After the code refactor, looks the ERROR is not reachable, so I added
both Assert(false) and elog(ERROR) with no test case for that.
>
> 5). The float8 case still has minimum and maximum value arguments that
> it just ignores. It should either not take those arguments, or it
> should respect them, and try to return float8 values in the requested
> range. I suspect that trying to return float8 values in the requested
> range would be hard, if not impossible, due to the inexact nature of
> double precision arithmetic. That's why I suggested earlier having the
> float8 function not take minval/maxval arguments, and just return
> values in the range 0 to 1.
>
> 11). If the float8 case is made to not have minval/maxval arguments, this
> code:
>
> + Datum minval = PG_GETARG_DATUM(3),
> + maxval = PG_GETARG_DATUM(4);
>
> and the FunctionCallInfo setup code needs to be different for the
> float8 case, in order to avoid reading and setting undefined
> arguments. Perhaps introduce a "need_val_bounds" boolean variable,
> based on the datatype.
I should have noticed the float8 issue after reading your first
reply.. Actually I don't have speical reason for which I have to support
float8. At least when I working on the patch, I want some toast and
non-toast data type, so supporting both int/bigint and numeric should be
good, at least for my purpose. So in the attached version, I removed the
support for float8 for simplification.
>
> 6). This new function:
>
> +static Datum
> +rand_array_internal(FunctionCallInfo fcinfo, Oid datatype)
> +{
>
> should have a comment block. In particular, it should document what
> its inputs and outputs are.
Done.
>
> 7). This code:
>
> + int num_tuples = PG_GETARG_INT32(0);
> + int minlen = PG_GETARG_INT32(1);
> + int maxlen = PG_GETARG_INT32(2);
> + Datum minval = PG_GETARG_DATUM(3),
> + maxval = PG_GETARG_DATUM(4);
> + rand_array_fctx *fctx;
> +
> + if (datatype == INT4OID)
> + random_fn_oid = F_RANDOM_INT4_INT4;
> + else if (datatype == INT8OID)
...
> should be inside the "if (SRF_IS_FIRSTCALL())" block. There's no point
> repeating all those checks for every call.
Done.
>
> 8). I think it would be neater to code the "if (datatype == INT4OID)

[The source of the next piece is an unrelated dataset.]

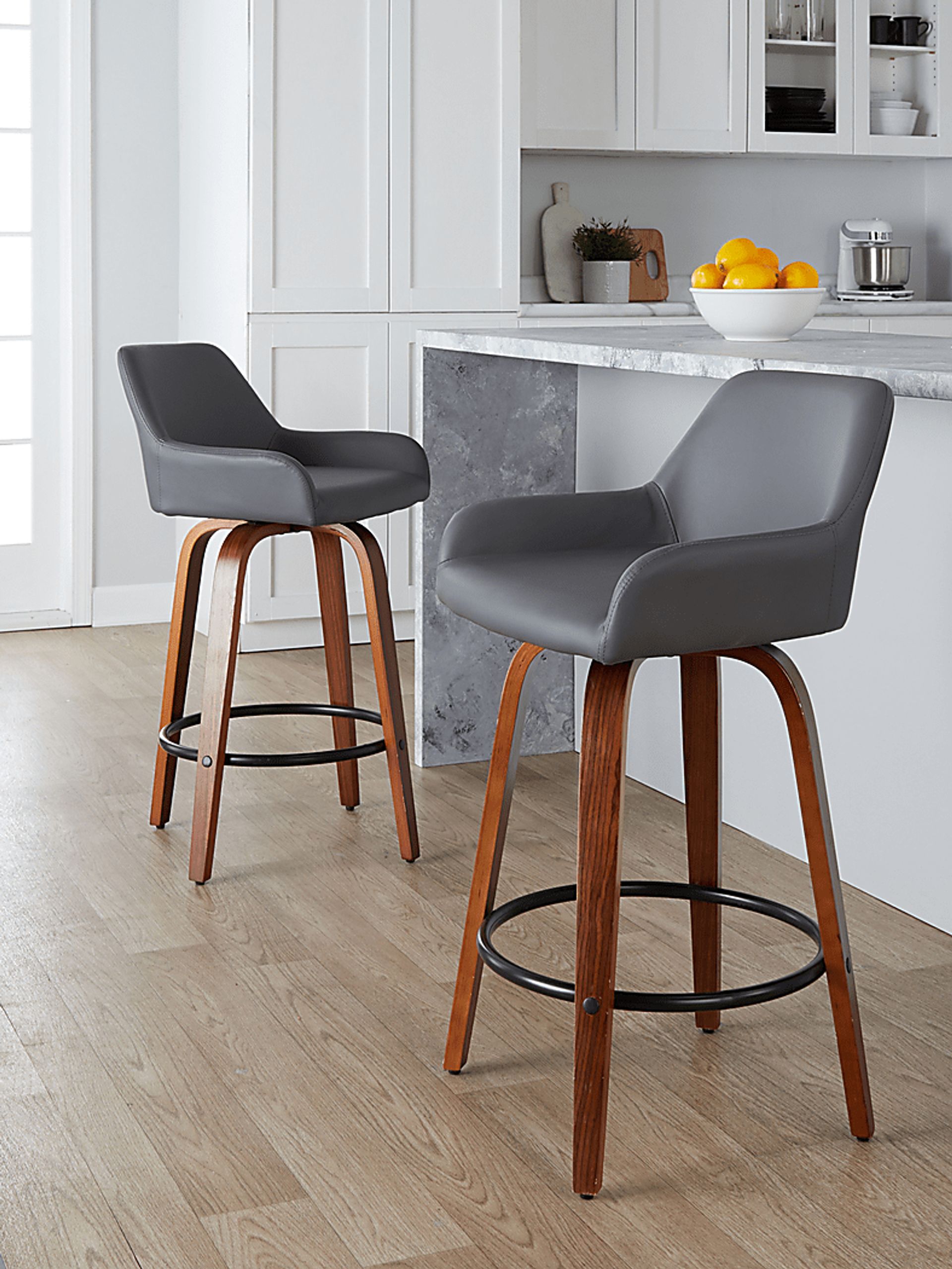 Rimcrest VI Gray Swivel Counter Height Stool, Set of 2 - Image 3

> ... else if ..." as a switch statement.
Done.
>
>
> 9). I would swap the last 2 bound checks round, and simplify the error
> messages as follows:
Done.
>
> Also note that primary error messages should not end with a period.
> See https://www.postgresql.org/docs/current/error-style-guide.html
Thanks for sharing this!
> 10). In this error:
>
> + elog(ERROR, "unsupported type %d for rand_array function.",
> + datatype);
>
> "datatype" is of type Oid, which is unsigned, and so it should use
> "%u" not "%d". Also, as above, it should not end with a period, so it
> should be:
>
> + elog(ERROR, "unsupported type %u for rand_array function",
> + datatype);
Done.
>
> 12). This code:
>
> + random_len_fcinfo->args[0].value = minlen;
> + random_len_fcinfo->args[1].value = maxlen;
>
> should really be:
>
> + random_len_fcinfo->args[0].value = Int32GetDatum(minlen);
> + random_len_fcinfo->args[1].value = Int32GetDatum(maxlen);
>
> It amounts to the same thing, but documents the fact that it's
> converting an integer to a Datum.
Done.
>
>
> 13). These new functions are significantly under-documented,
> especially when compared to all the other functions on
> https://www.postgresql.org/docs/current/tablefunc.html
>
> They really should have their own subsection, along the same lines as
> "F.41.1.1. Normal_rand", explaining what the functions do, what their
> arguments mean, and giving a couple of usage examples.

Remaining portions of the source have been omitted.